GIVEN INFORMATION section start
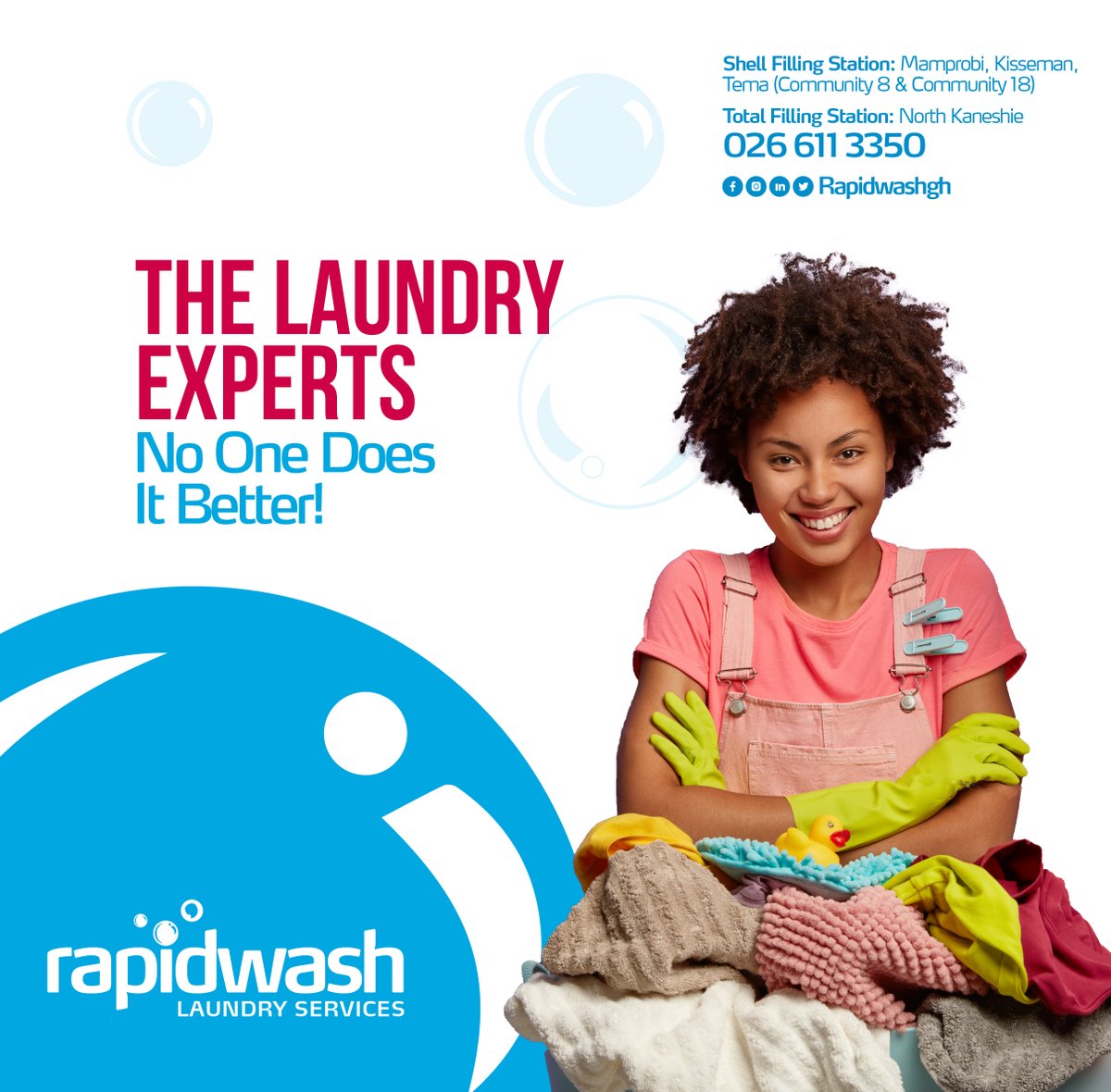 Rapidwashgh's tweet photo. Giving your clothes the clean wash they deserve.
We will wash, dry and fold for you👍😃

#rapidwashtrain #washmoreworryless #shellfillingstation #totalfillingstation #ghana #laundryservice ##wednesdaymood #affordable #convenient #nearyou https://t.co/NgxlNIFHkH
GIVEN INFORMATION section end
• _DIRECTIONS FOR THIS TASK_
Repeat the data verbatim, excluding all pictures.

• _TASK RESULT_
 Rapidwashgh's tweet photo. Giving your clothes the clean wash they deserve.
We will wash, dry and fold for you👍😃

#rapidwashtrain #washmoreworryless #shellfillingstation #totalfillingstation #ghana #laundryservice ##wednesdaymood #affordable #convenient #nearyou https://t.co/NgxlNIFHkH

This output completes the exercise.